Please output the entries below from the line that contains "Multifunction second-generation eyebrow" through the final line, reproduced exactly and alone.
SUPPLIED DATA: Begin
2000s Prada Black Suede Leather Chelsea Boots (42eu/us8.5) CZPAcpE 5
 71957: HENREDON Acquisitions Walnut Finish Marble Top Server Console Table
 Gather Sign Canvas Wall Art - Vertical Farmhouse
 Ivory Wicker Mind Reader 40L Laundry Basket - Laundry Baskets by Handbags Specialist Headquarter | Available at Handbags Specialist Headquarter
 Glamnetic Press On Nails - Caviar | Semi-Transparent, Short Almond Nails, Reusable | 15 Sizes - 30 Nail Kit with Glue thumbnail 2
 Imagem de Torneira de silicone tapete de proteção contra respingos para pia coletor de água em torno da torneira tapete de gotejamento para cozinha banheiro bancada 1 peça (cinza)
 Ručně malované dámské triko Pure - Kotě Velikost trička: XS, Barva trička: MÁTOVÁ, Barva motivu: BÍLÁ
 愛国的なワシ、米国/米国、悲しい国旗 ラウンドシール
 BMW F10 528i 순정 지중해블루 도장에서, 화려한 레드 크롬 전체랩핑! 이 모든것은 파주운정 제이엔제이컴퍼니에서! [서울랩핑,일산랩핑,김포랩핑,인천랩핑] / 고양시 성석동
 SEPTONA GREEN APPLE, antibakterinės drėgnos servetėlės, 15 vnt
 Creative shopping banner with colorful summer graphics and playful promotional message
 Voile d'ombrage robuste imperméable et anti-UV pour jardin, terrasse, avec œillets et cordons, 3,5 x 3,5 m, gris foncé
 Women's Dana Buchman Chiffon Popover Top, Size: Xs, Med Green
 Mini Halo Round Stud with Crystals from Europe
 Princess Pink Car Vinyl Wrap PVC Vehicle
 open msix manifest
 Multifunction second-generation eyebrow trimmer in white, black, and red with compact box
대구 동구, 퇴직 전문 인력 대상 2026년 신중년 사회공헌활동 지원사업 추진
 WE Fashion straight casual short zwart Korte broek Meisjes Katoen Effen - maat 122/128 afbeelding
SUPPLIED DATA: End
OUTPUT OF THE TASK —
 Multifunction second-generation eyebrow trimmer in white, black, and red with compact box
대구 동구, 퇴직 전문 인력 대상 2026년 신중년 사회공헌활동 지원사업 추진
 WE Fashion straight casual short zwart Korte broek Meisjes Katoen Effen - maat 122/128 afbeelding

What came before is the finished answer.